▸ **Input data**
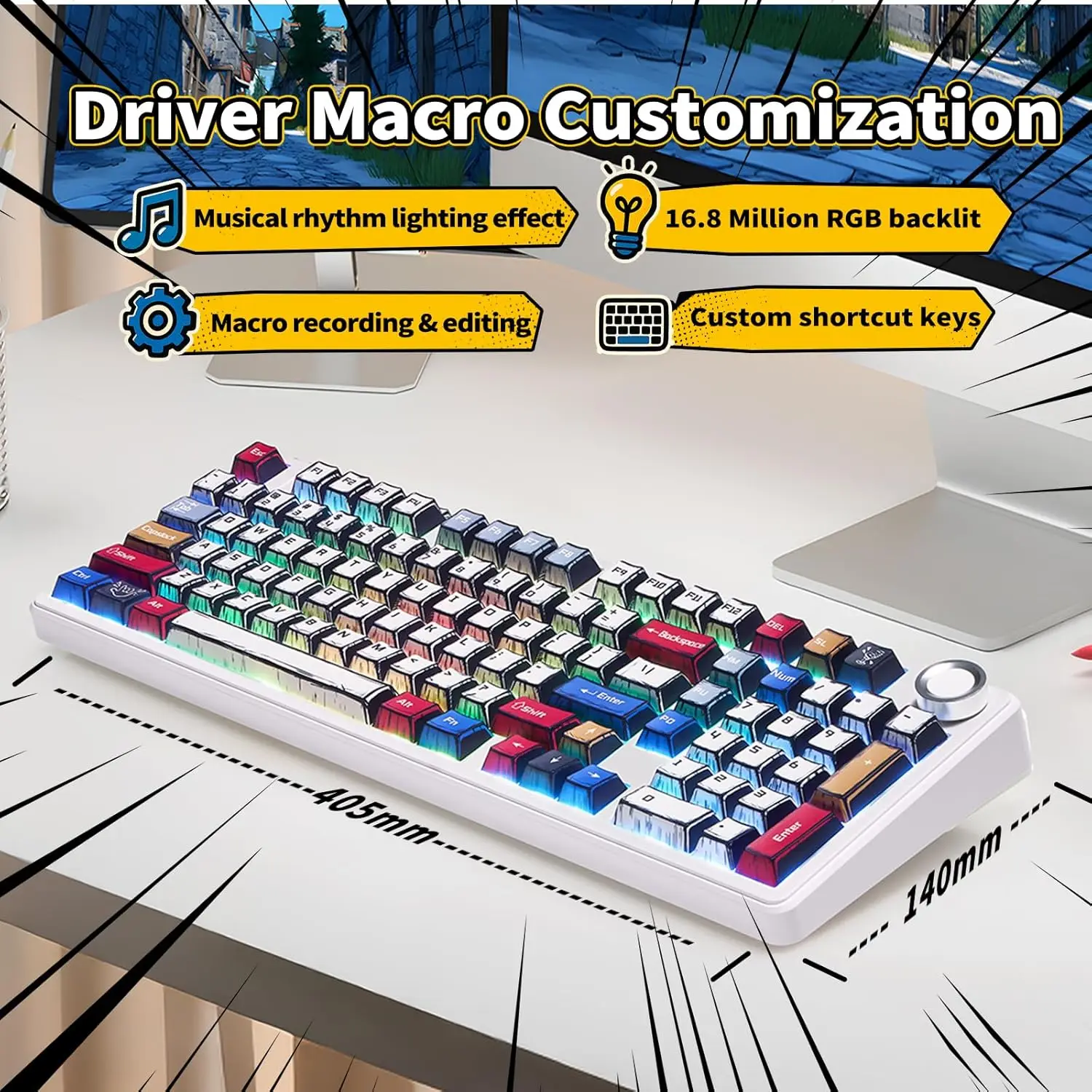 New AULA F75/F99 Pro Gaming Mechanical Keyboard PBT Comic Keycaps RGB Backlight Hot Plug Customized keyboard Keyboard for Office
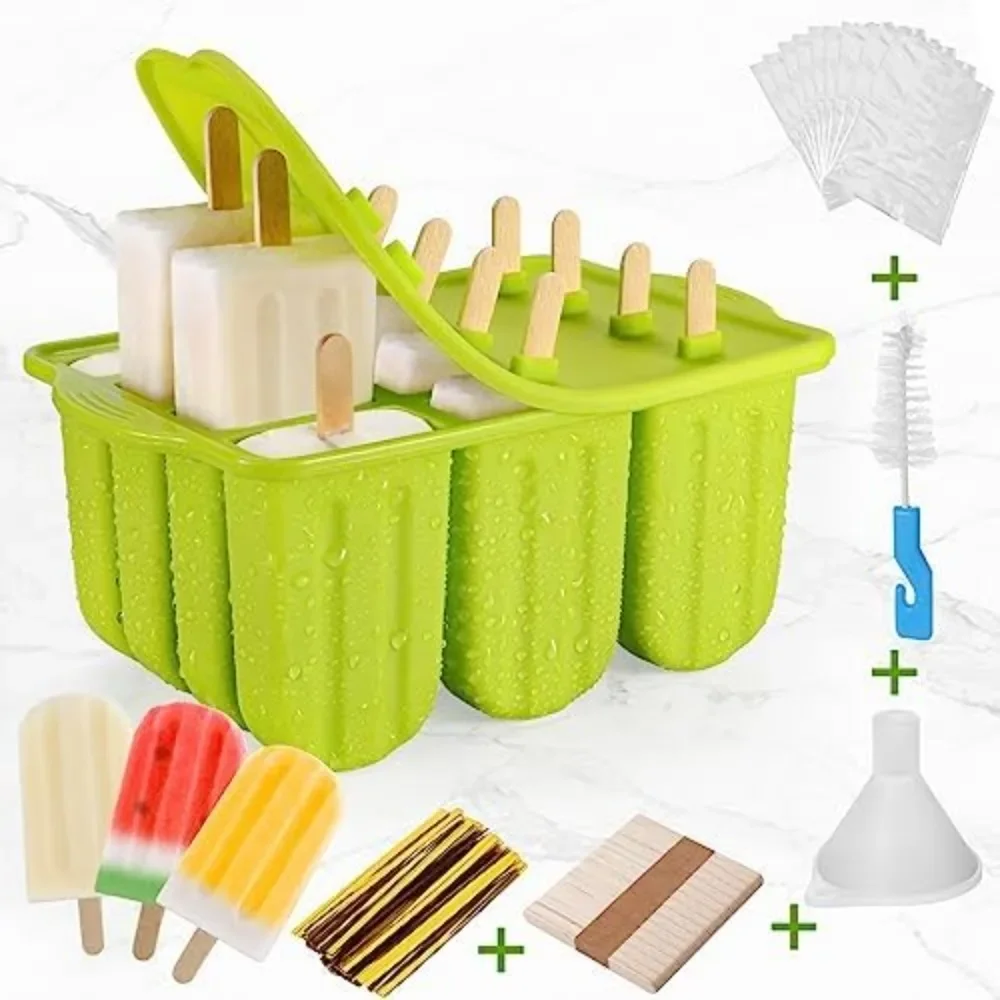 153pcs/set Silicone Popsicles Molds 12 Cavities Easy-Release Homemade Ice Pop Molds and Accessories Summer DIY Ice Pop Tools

...

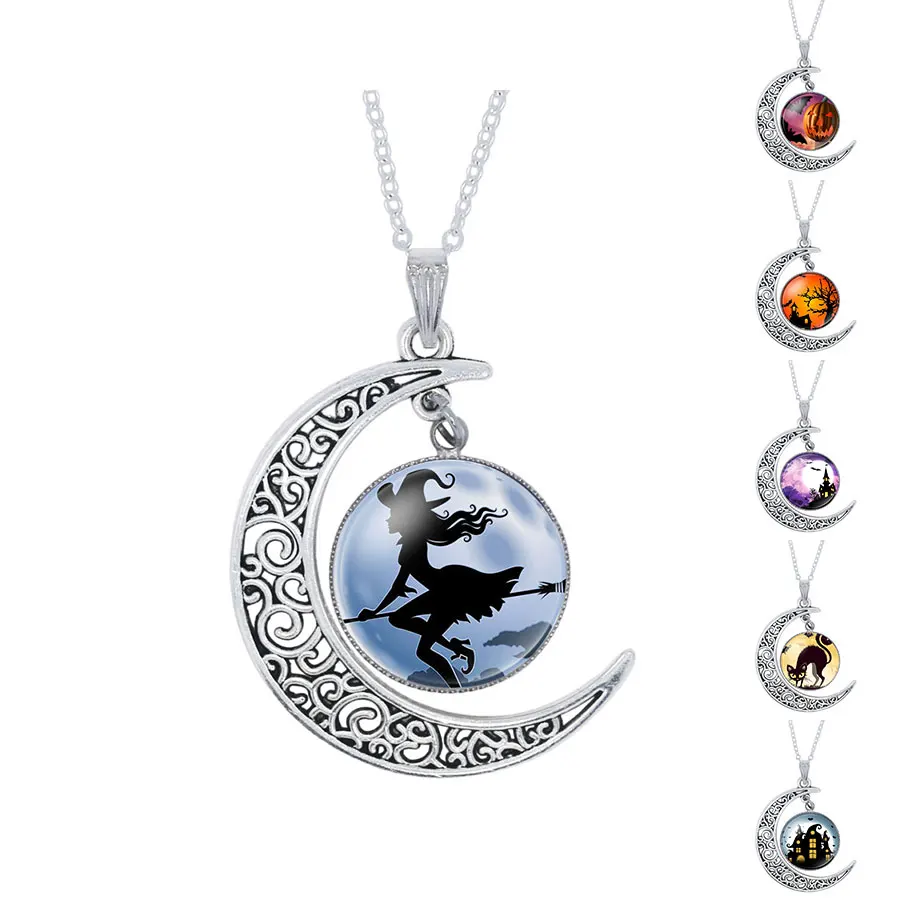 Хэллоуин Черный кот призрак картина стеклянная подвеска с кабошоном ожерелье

--

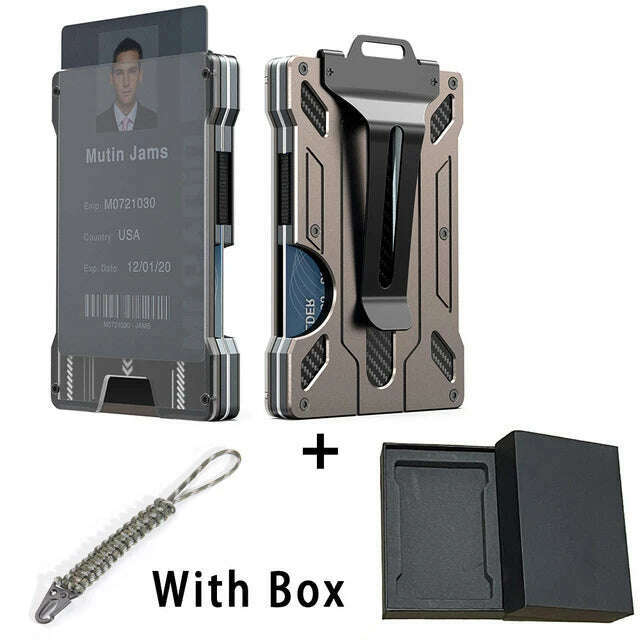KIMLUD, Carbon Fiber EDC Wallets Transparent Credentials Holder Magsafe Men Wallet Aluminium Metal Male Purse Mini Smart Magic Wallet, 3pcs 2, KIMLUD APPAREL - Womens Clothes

▸ **Work required**
Extract, without any images, the part of the material above that opens with the line containing "New AULA F75/F99" and closes with the line containing "153pcs/set Silicone Popsicles", both lines included.

▸ **Answer area**
 New AULA F75/F99 Pro Gaming Mechanical Keyboard PBT Comic Keycaps RGB Backlight Hot Plug Customized keyboard Keyboard for Office
 153pcs/set Silicone Popsicles Molds 12 Cavities Easy-Release Homemade Ice Pop Molds and Accessories Summer DIY Ice Pop Tools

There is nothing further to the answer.